Here is a quick slideshow of the delicious treats I tried:
Fried Mussels with Garlic Yogurt paired with a frosty glass of Model Citizen American Cream Ale.
Juicy, raw Beef Kibbeh Nayyeh smeared between thin slices of radish. Both amuse-bouches were paired with a frosty glass of Model Citizen American Cream Ale. The brew’s buttered biscuit flavors provided a fantastic alternative to a bread basket.
A toast to D.C. Brau’s Brewmaster Jeff Hancock! Also in attendance was D.C. Brau CEO and Co-Founder Brandon Skall (the non-bald guy with the beard in the background).
The first appetizer was a Carpaccio of Salt Cod. Thin but juicy slices of cod on top of a creamy potato skordalia — thick potato purée with plenty of crushed garlic and vinegar. Apparently, the skordalia is a traditional accompaniment to cod in Greek cuisine. There were also cubes of root veggie, notably kohlrabi. The dish was served with The Citizen Belgian Ale. The hop added a spicy note that went great with the dish.

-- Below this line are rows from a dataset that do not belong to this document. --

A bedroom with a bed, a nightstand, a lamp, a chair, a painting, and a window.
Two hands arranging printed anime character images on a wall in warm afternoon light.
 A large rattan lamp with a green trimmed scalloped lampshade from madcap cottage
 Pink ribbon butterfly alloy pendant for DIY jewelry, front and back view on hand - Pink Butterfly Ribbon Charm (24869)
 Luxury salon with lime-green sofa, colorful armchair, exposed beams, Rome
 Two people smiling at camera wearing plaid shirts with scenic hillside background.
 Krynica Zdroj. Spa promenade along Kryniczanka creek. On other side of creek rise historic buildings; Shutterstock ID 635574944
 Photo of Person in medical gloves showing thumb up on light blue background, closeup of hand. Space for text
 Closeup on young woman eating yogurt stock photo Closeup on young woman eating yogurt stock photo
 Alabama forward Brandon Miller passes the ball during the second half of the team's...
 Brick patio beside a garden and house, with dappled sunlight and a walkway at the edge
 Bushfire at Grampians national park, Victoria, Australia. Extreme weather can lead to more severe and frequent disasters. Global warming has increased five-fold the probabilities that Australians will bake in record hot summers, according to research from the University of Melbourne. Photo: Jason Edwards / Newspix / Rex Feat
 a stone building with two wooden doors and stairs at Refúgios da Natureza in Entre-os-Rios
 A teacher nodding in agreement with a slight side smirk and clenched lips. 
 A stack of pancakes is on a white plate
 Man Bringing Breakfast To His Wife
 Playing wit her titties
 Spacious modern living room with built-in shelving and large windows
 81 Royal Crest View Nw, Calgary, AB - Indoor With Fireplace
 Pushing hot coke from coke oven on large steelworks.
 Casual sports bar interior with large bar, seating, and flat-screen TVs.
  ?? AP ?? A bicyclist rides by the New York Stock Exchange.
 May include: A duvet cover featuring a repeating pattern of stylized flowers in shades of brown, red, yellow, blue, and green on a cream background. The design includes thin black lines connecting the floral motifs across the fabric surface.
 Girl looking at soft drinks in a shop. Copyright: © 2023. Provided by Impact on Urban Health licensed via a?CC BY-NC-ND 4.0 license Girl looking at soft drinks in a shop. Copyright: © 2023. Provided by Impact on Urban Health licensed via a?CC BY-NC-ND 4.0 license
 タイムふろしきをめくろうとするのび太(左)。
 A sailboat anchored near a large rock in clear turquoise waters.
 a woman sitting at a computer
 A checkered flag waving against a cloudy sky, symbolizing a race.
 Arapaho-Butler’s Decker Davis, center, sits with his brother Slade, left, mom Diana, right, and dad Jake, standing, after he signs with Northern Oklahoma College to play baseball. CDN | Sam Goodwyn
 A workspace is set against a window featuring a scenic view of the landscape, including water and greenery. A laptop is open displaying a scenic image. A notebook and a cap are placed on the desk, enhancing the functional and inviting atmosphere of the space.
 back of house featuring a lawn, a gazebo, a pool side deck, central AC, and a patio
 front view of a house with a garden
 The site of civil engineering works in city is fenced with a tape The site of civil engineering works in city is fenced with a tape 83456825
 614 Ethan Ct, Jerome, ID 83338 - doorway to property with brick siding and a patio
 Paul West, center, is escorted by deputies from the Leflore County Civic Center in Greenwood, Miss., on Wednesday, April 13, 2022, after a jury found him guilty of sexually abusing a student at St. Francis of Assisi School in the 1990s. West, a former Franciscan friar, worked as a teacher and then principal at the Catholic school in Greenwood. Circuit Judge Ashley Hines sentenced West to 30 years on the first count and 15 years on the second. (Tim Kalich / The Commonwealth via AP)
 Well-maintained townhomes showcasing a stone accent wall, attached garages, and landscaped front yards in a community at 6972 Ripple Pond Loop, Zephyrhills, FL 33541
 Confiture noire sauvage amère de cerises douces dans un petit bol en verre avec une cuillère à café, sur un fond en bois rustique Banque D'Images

Next came a Papiatopita, phyllo wrapped around braised duck and foie. It was served on braised wild greens (traditionally referred to as horta in Greek cooking), which was seasoned with tons of garlic. This dish needed a beer with a backbone and got it: a glass of DC Brau’s world class Imperial IPA, On the Wings of Armageddon. Intensely hoppy and bitter, this was a very intense beer.
Family style, Spit-roasted lamb shoulder with a mash of La Ratte potatoes and wild mushrooms served on the side. The meat was wonderfully tender. Crisp end-pieces were mixed up with fattier chunks. The lamb was paired with D.C. Brau’s Exaltation Holiday Ale, which had flavors of cherry, cocoa, cinnamon, and black rye malt.
Dessert was a Chocolate baklava with Ikarian honey ice cream, paired with a snifter of Penn Quarter Porter. The harmony here was clear. The beer tasted of cocoa and nuts, both of which were also prominent in the baklava. The sweetness of the honey ice cream balanced the dank flavors of the baklava and the beer.